Soluble cytokines enhance risk prediction across all stages of classical Hodgkin lymphoma
Alexandra Kredátusová, Tomáš Chupáň, Heidi Móciková, Alice Sýkorová, Jana Marková, Marie Lukášová, Ľubica Gahérová, Pavla Štěpánková, Eva Kriegová, Mária Maco, Tomáš Kozák, Tomáš Papajík, Stephen M. Ansell, Vít Procházka

TL;DR
This study shows that measuring certain soluble cytokines improves predicting outcomes for classical Hodgkin lymphoma patients at all disease stages.
Contribution
The study introduces a new prognostic model using soluble cytokines that works across all stages of classical Hodgkin lymphoma.
Findings
High levels of sIL-6 and sCD30 are linked to worse outcomes and advanced disease features in cHL.

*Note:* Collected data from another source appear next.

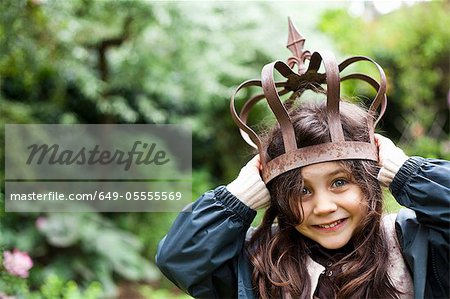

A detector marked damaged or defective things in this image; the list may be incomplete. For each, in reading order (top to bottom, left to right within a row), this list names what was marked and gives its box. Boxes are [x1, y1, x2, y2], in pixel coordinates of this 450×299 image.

rusty metal crown [230, 17, 384, 184]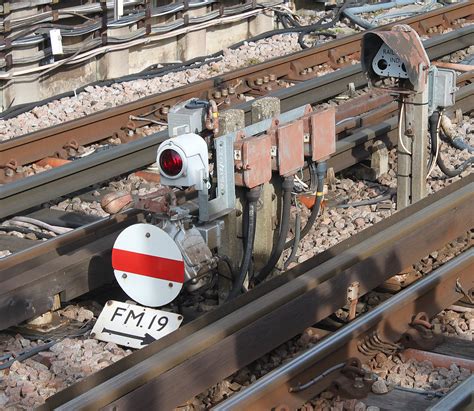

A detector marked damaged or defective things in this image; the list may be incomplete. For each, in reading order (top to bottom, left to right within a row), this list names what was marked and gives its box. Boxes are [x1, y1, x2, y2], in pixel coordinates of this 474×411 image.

rusty metal component [362, 24, 430, 92]
rusty metal component [232, 131, 270, 187]
rusty metal component [101, 192, 134, 214]
rusty metal component [400, 312, 444, 350]
rusty metal component [330, 358, 374, 400]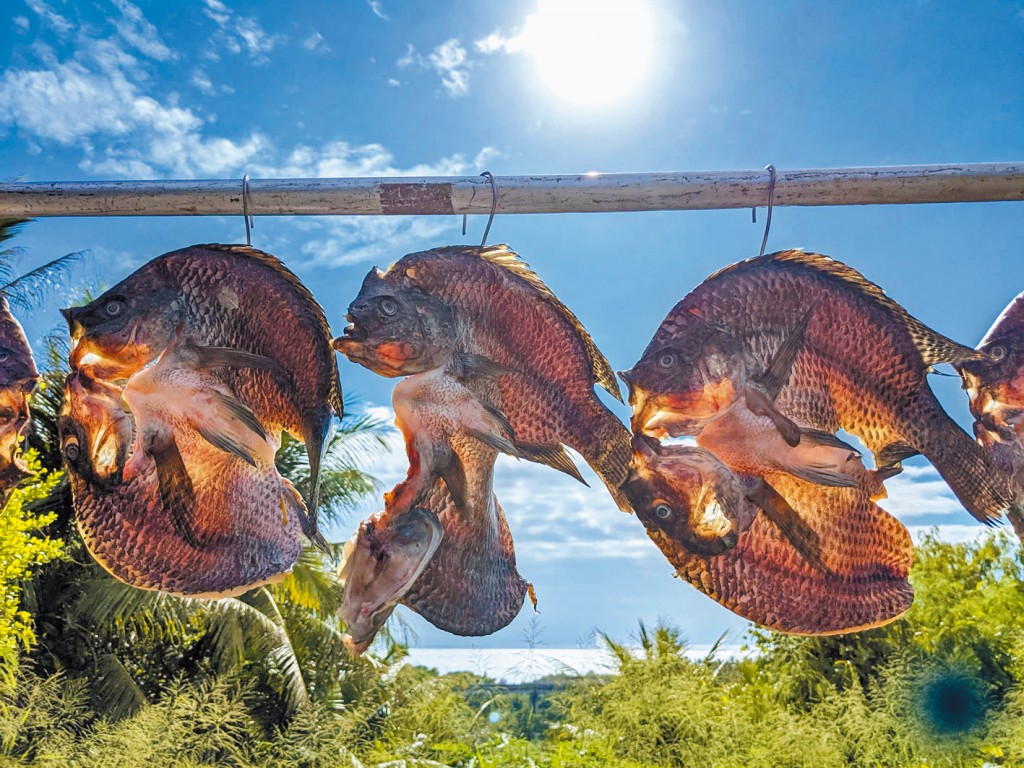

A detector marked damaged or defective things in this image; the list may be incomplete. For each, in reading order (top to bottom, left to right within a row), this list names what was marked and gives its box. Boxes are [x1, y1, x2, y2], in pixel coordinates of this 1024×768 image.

A new model combining age, extranodal disease, and cytokine levels outperforms existing risk models.
Patients with elevated sCD30 and sIL-6 have significantly worse 5-year progression-free survival.
Abstract
Classical Hodgkin lymphoma (cHL) is a heterogeneous malignancy with favorable outcomes, but accurate prognostic stratification remains challenging, particularly across all disease stages. Traditional risk models are focused on advanced stages and do not account for tumor microenvironment (TME) dynamics. Soluble cytokines reflecting TME activity may offer additional prognostic value. In our prospective multicenter study, we investigated the prognostic value of pretreatment plasma levels of soluble TARC, sCD30, sCD163, and sIL-6 in 162 newly diagnosed cHL patients and developed a model incorporating these biomarkers for risk prediction across all stages. Cytokine levels were measured using ELISA, and clinical characteristics, treatment responses, and outcomes were collected. The primary endpoint was 5-year progression-free survival (PFS). Elevated levels of sIL-6 and sCD30 were associated…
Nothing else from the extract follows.